Exercise
Please transcribe only the lines between the one containing "JM20047S)☆お値下げ 2段カラーボックス/収納棚 コーナン" and the end of the records, both ends included, exactly as written; skip every picture.

Provided entries
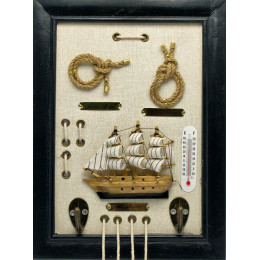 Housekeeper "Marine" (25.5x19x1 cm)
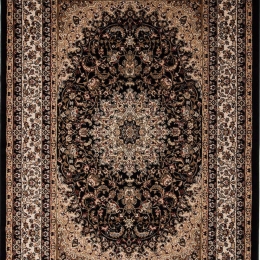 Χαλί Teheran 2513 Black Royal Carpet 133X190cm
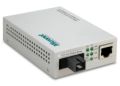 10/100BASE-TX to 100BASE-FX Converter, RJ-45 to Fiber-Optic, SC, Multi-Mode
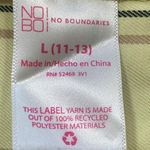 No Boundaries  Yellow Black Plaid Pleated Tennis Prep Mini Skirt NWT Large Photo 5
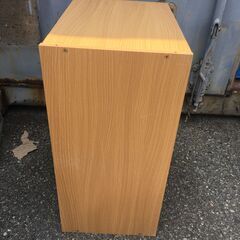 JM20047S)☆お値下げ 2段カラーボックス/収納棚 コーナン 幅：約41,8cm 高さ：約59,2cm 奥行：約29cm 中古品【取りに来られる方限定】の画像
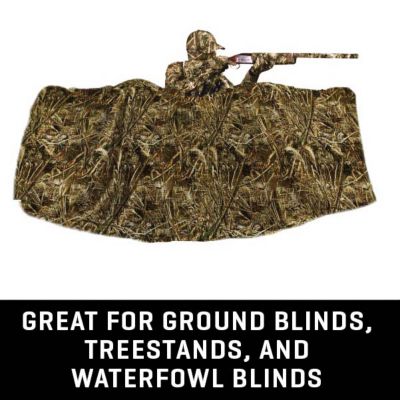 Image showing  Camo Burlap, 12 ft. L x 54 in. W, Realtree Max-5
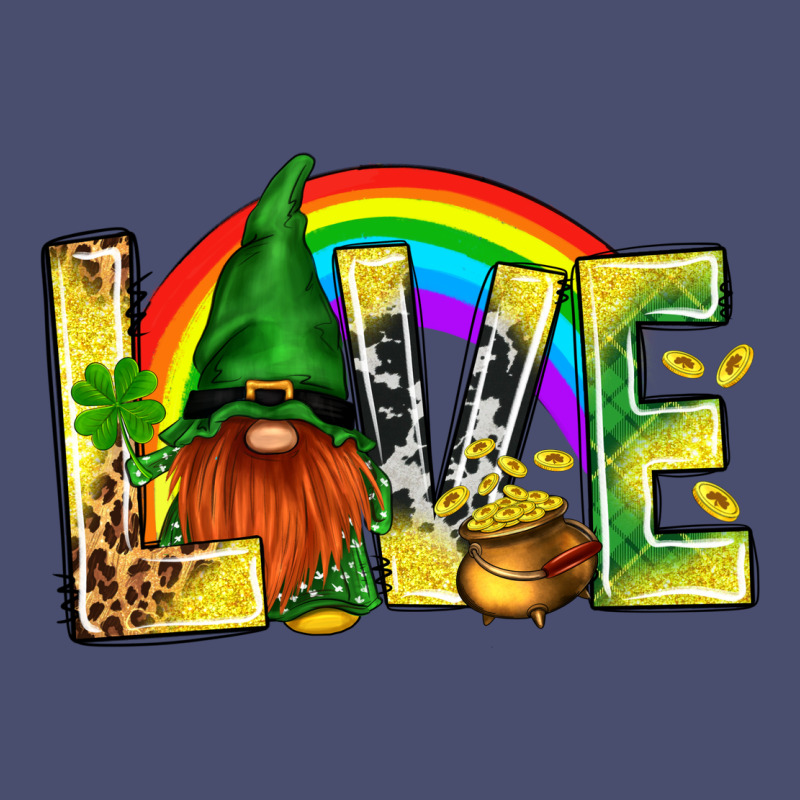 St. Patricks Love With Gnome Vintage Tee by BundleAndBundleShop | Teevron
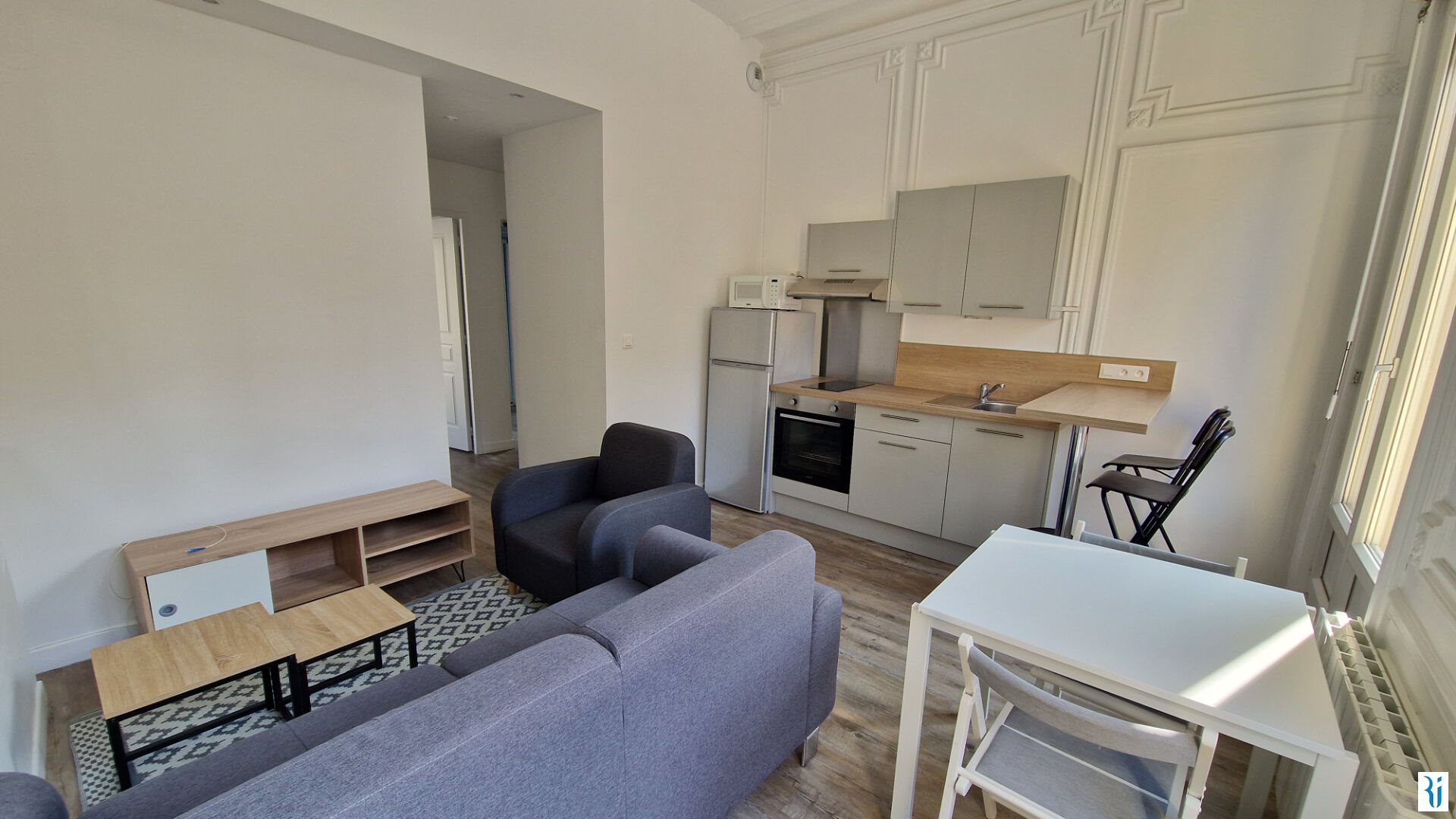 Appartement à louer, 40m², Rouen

Exercise answer
 JM20047S)☆お値下げ 2段カラーボックス/収納棚 コーナン 幅：約41,8cm 高さ：約59,2cm 奥行：約29cm 中古品【取りに来られる方限定】の画像
 Image showing  Camo Burlap, 12 ft. L x 54 in. W, Realtree Max-5
 St. Patricks Love With Gnome Vintage Tee by BundleAndBundleShop | Teevron
 Appartement à louer, 40m², Rouen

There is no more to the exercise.